I did. Big time. Towards the end of 2000 I had an almost catastrophic event – nothing life-threatening, but totally head-frying. It fucked me up so bad that for a few months afterwards I felt like I was always mildly tripping, and the general after-effects of defamiliarisation (everything appeared strange and unfamiliar), depersonalisation (like I was watching myself from within) and what I later found was called “Hallucinogen persisting perception disorder” (half-seeing things out of the corner of my eye, and visual snow) lasted about a year. Longer, in fact, in times of stress or hangover-dom. Obviously this was a enormous kick up the arse, and I haven’t really touched drugs since.
This happened when I was working in some tedious and temporary office job in Edinburgh.
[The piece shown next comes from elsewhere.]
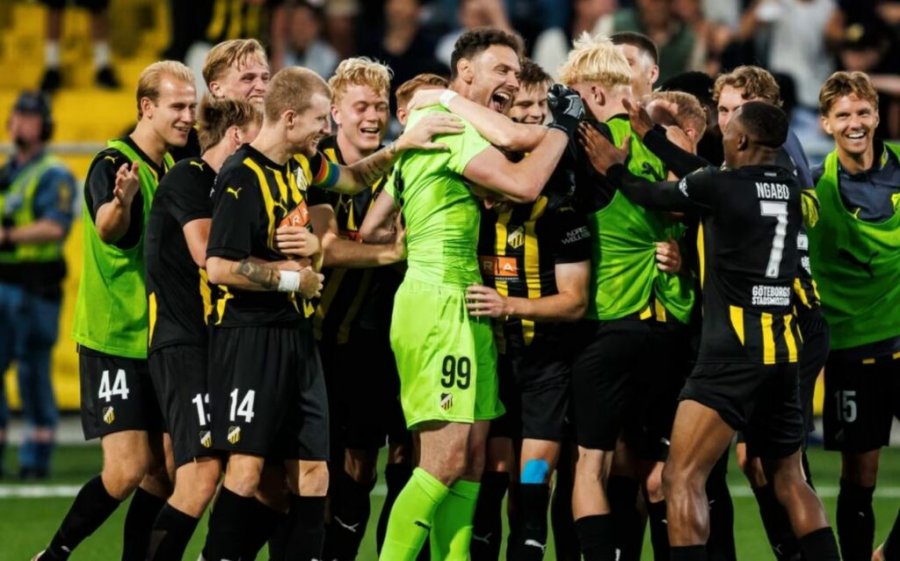 Klubi suedez shpërblen Etrit Berishën menjëherë pas kualifikimit në Europa League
There’s a nice bit in the “A Smart Cunt” novella in Irvine Welsh’s collection The Acid House, where the protagonist Euan talks about his girlfriend’s friends – they were always talking about what they wanted to be (painters, writers, actors, etc), obscuring the fact that they were office workers, local government officials, sales staff, etc. That was us, alright: everybody used to talk about the postgrads they were going to study, the bands they were in, the books they were wanting to write (though were never writing), the hip Edinburgh bars they were going to go to (though never did), the goals for the future. There is something awesomely depressing about being a new graduate, especially if you’ve studied the Arts or Humanities. Your knowledge of 19th century socialist parties or French existentialist novels isn’t worth donkey shit. The entire merit system to which you are accustomed and in which you have succeeded is replaced by the imperatives of business. No wonder so many wanted to go to graduate school. I, of course, was totally into getting a Masters in English. Then a PhD! I was so worth it! No matter that I was earning 5 quid an hour and barely had enough money to buy food.
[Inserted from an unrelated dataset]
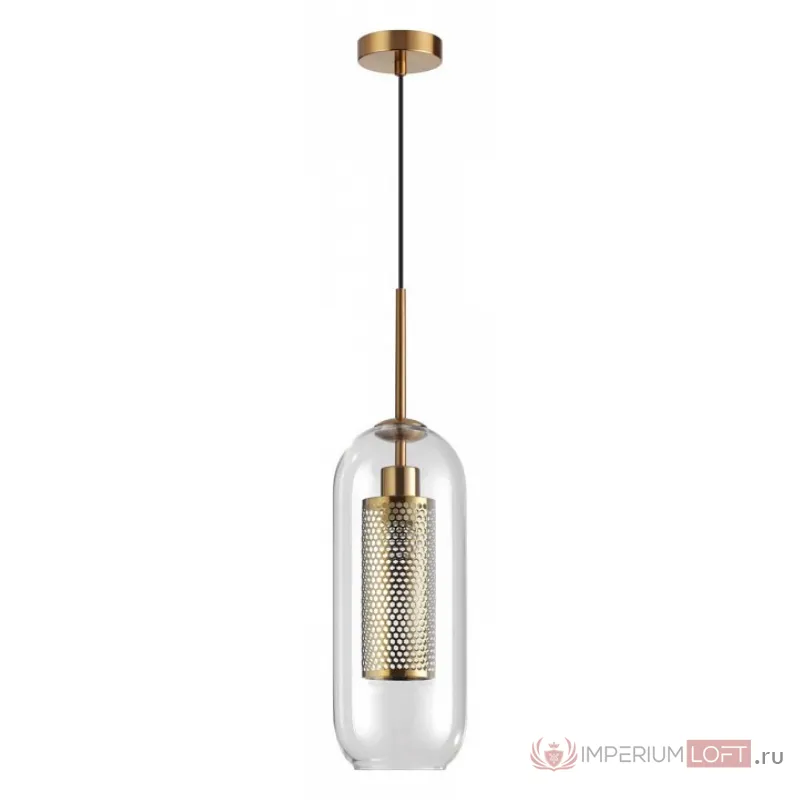 Подвесной светильник Odeon Light Clocky 4940/1 от ImperiumLoft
Anyways. Naturally this was all rather depressing. I felt cheated out of the grand future I had so blithely imagined for myself. This fuelled my self-destruction, and I had a bit of a mad weekend etc: cut to the chase, head got fried and I was all fucked up. Worse thing was, the temporary job which we’d been told would last until March turned out to be coming to an end in December. The job agency which had recruited us all pretended that they’d “place” us all in new posts: I got offered two not-even-full weeks either side of Xmas. I conceded defeat at this point and moved back to the parental home.
You can imagine my mood. “Bleak” just don’t capture it. Monsters seemed to lurk under the stairs, ready to pounce. Day-to-day functioning was difficult: I kept thinking I was seeing things, and people looking into my eyes gave me the fear. I was as always listening to music, as I had no job and playing Championship Manager was the only other thing occupying my time. The key album (if you’ll forgive so much back story) was Death In Vegas’ Contino Sessions.
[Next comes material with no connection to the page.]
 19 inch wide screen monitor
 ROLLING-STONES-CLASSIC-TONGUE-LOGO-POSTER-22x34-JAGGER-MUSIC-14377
The second album by the Glaswegian electronica band, Contino Sessions was a considerable leap from their first, Dead Elvis. It combined the abrasive guitar and drones of Banana Album-era Velvet Underground with the rumbling beats of Rhythm and Stealth-era Leftfield. Which is to say that it was rocky, had dark rhythms, prominent bass, and this crippling sense of foreboding. The best song, “Death Threat”, encapsulates this: an enormous grinding of vast black thunder clouds producing bolts of sheet lightning, it is brooding, portentous and magnificently atmospheric. The electricity is so rich, you can almost smell the ozone.
The Velvet Underground inspiration is obvious in their recurrent use of drones and repetition. (This obviously is a recurrent technique in electronica, too). This often works well – as with “Dirge”, which creates a powerful tension between the repeated vocal line (and, only ever saying “La, la, la”, its implied dispassion), and the surging, powerful, alternative rock.
Sometimes, though, it just gets dreary and monotonous. “Broken Little Sister” is unrelieved by varieties in texture and tone: and the dirgey, grim atmosphere gets tedious without the creativity to illuminate it (this is why Radiohead’s “The National Anthem“, which is even more bleak, is a fucking masterpiece).
It’s not all bleakness, fortunately. There are some nice changes of atmosphere (if not pace – it’s nearly all mid-paced, gradual-accumulation-of-tension frameworks), such as the instrumental tour-de-force “Flying”. Inspired by The Beatles’ instrumental of the same name? Dunno, but both are atmospheric, visual instrumentals.
The Stooges-y “Aisha”, snarled by The Ig himself, is a setpiece in malevolence, though it always seems like a genre exercise. The postmodern video makes this obvious. It’s pretty juvenile, really.
This was obviously a low point for me, and Contino Sessions fit my mood perfectly. It is a great album, one I really believe is one of the best of the 1990s. But it isn’t something I return to often, now. The atmospheres are too evocative.